- Instructions to follow
Keep every word of the listing and reproduce it exactly, but set aside any image found there.

- Input data
****************

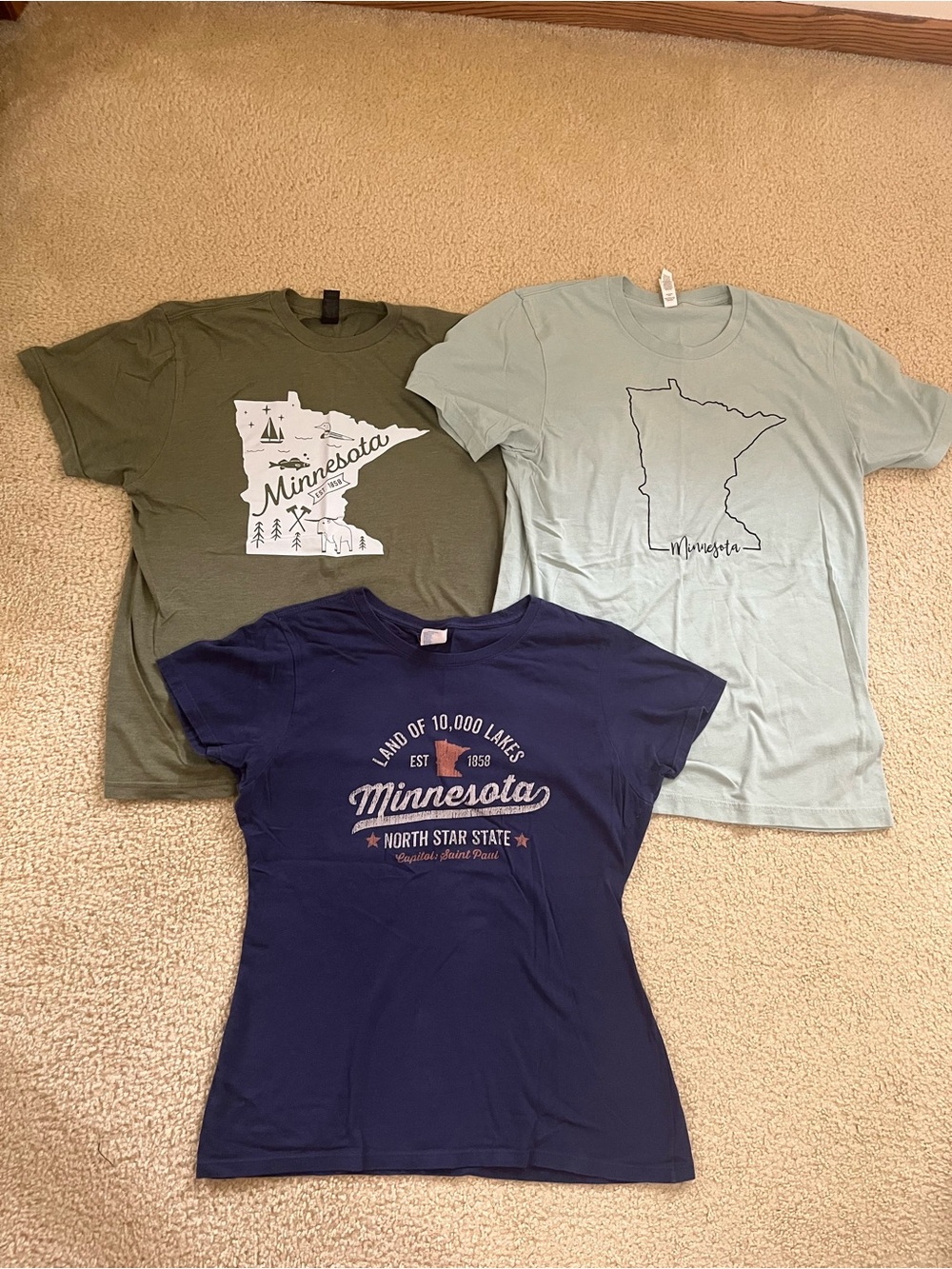 Minnesota T Shirt Bundle - Medium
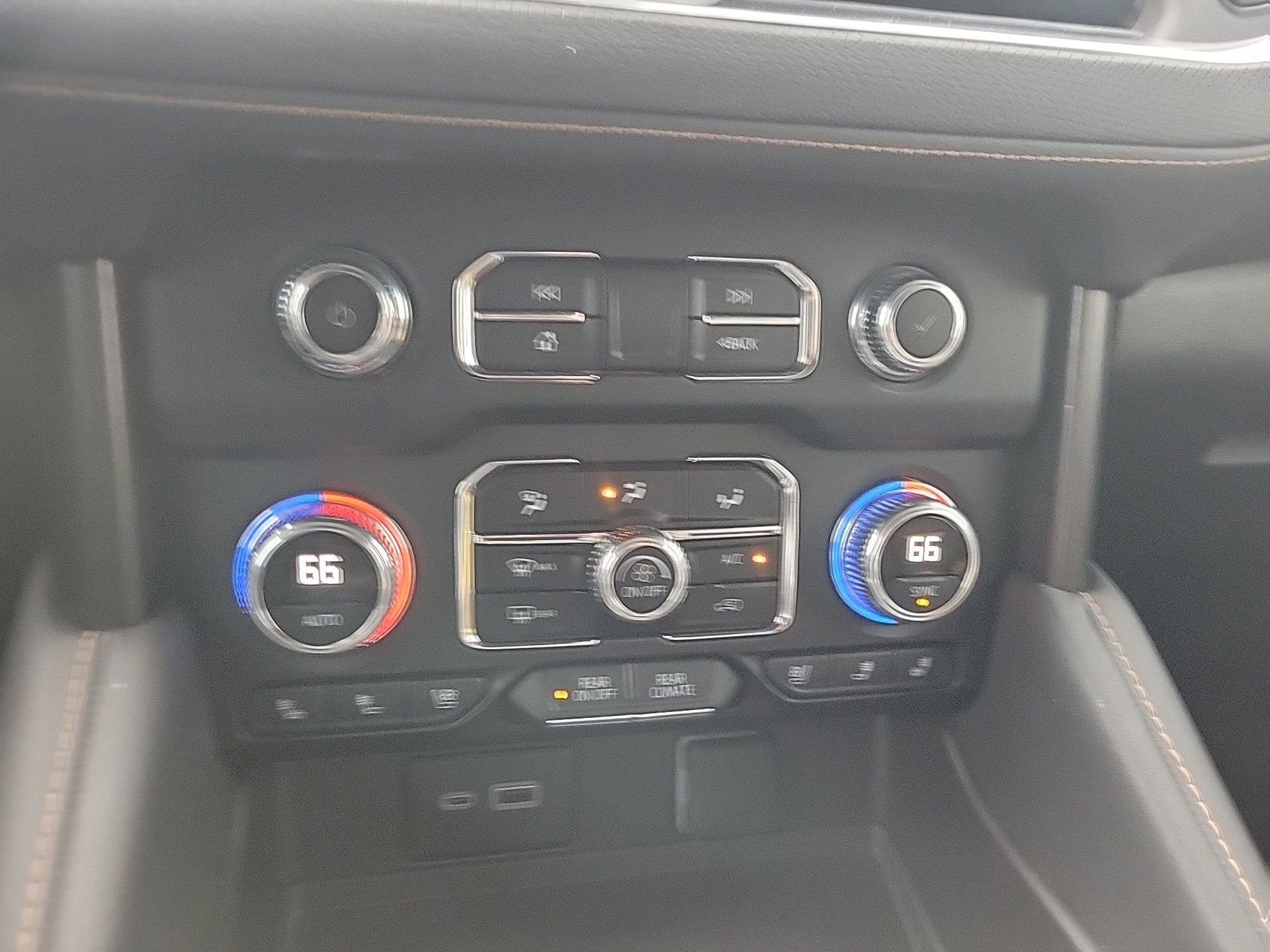 Used 2024 GMC Yukon AT4 w/ AT4 Premium Package image 30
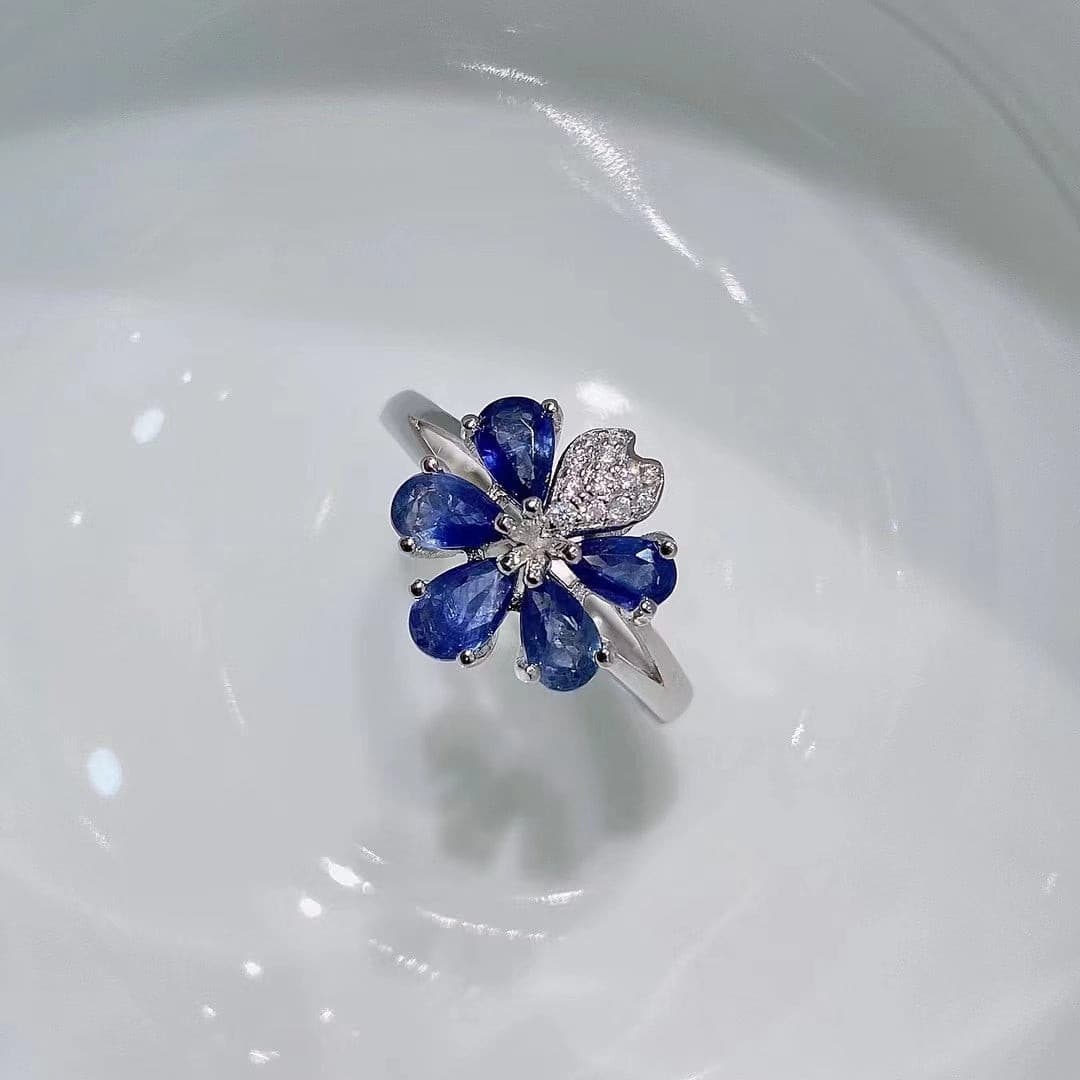 S925 sterling silver natural sapphire flower ring.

****************

- Exercise response
 Minnesota T Shirt Bundle - Medium
 Used 2024 GMC Yukon AT4 w/ AT4 Premium Package image 30
 S925 sterling silver natural sapphire flower ring.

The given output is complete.